## [What you need to do]
Would you print the lines below exactly, beginning at the line that has "Sebra Blinky de" and stopping after the line that has "Bohemian Cushion"? Only those lines, and no pictures.

++++ Exercise inputs ++++

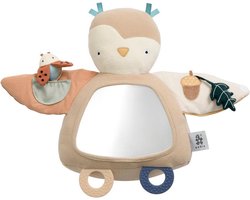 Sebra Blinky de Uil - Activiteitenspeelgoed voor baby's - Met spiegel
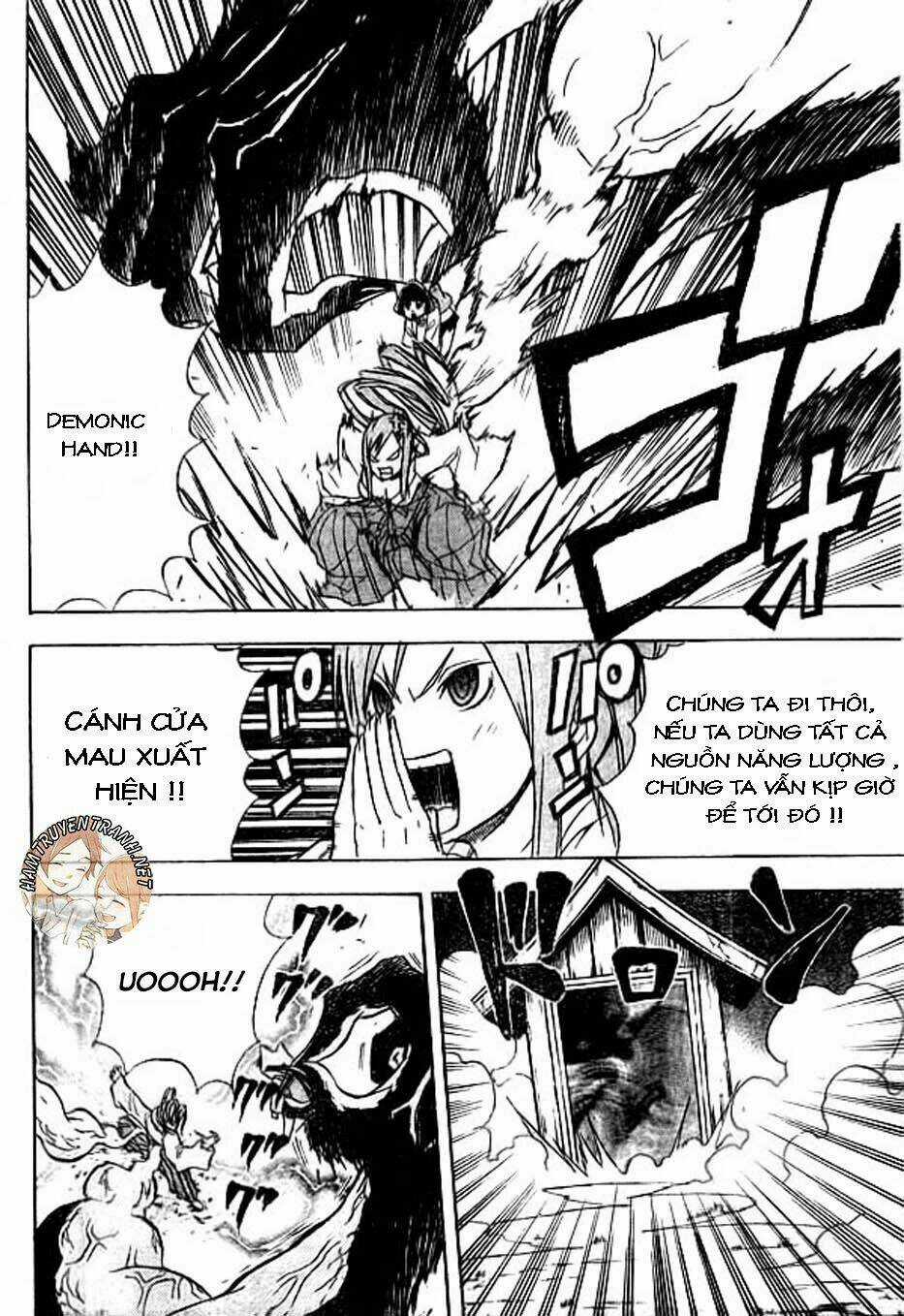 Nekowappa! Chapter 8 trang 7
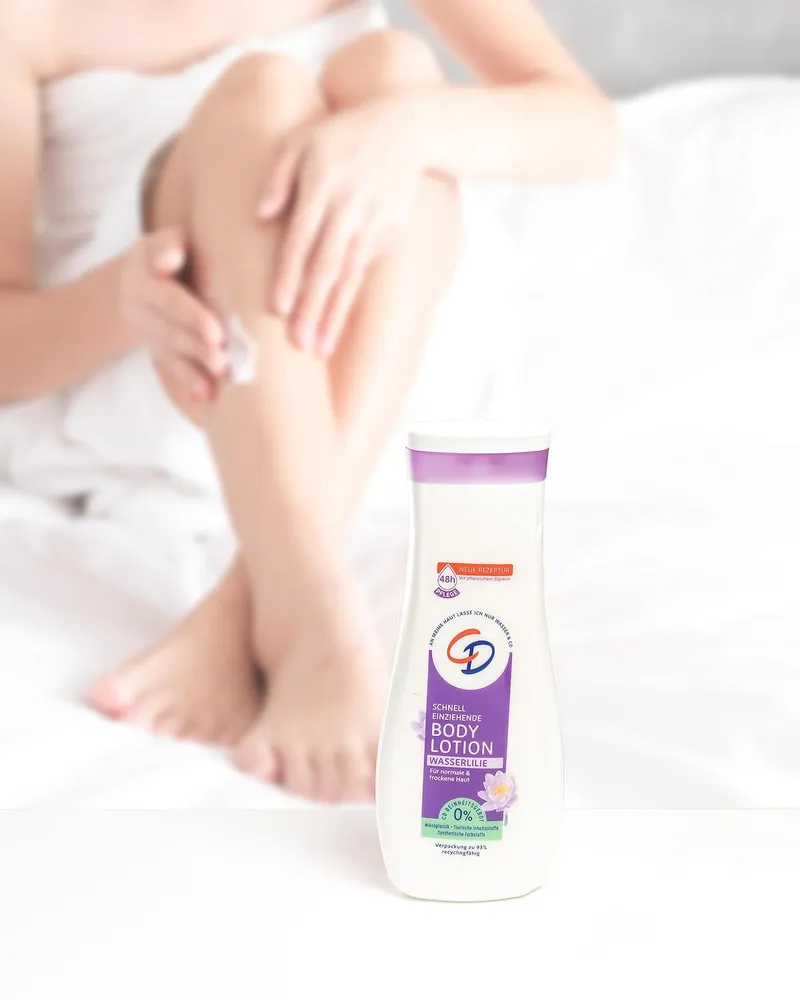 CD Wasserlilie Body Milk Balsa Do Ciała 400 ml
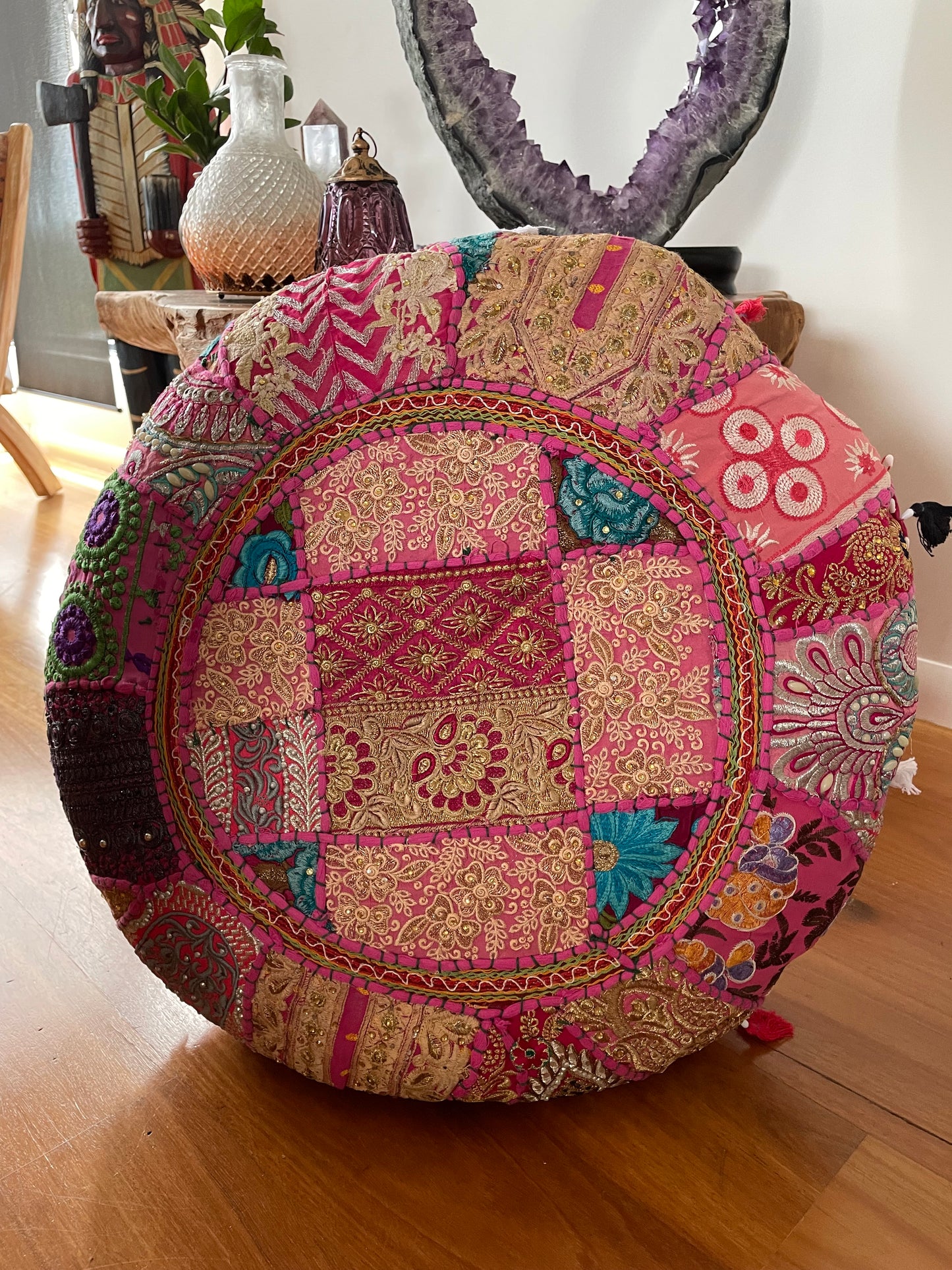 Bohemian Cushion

++++
++++ Exercise inputs ++++

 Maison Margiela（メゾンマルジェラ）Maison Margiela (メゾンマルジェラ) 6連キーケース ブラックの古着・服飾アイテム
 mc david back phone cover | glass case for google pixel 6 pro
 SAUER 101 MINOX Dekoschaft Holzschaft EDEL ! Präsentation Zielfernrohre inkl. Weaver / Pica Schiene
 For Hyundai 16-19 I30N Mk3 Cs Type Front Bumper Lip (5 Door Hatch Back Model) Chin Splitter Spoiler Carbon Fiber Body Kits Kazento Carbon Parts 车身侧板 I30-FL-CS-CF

++++

## [Your solution]
 Sebra Blinky de Uil - Activiteitenspeelgoed voor baby's - Met spiegel
 Nekowappa! Chapter 8 trang 7
 CD Wasserlilie Body Milk Balsa Do Ciała 400 ml
 Bohemian Cushion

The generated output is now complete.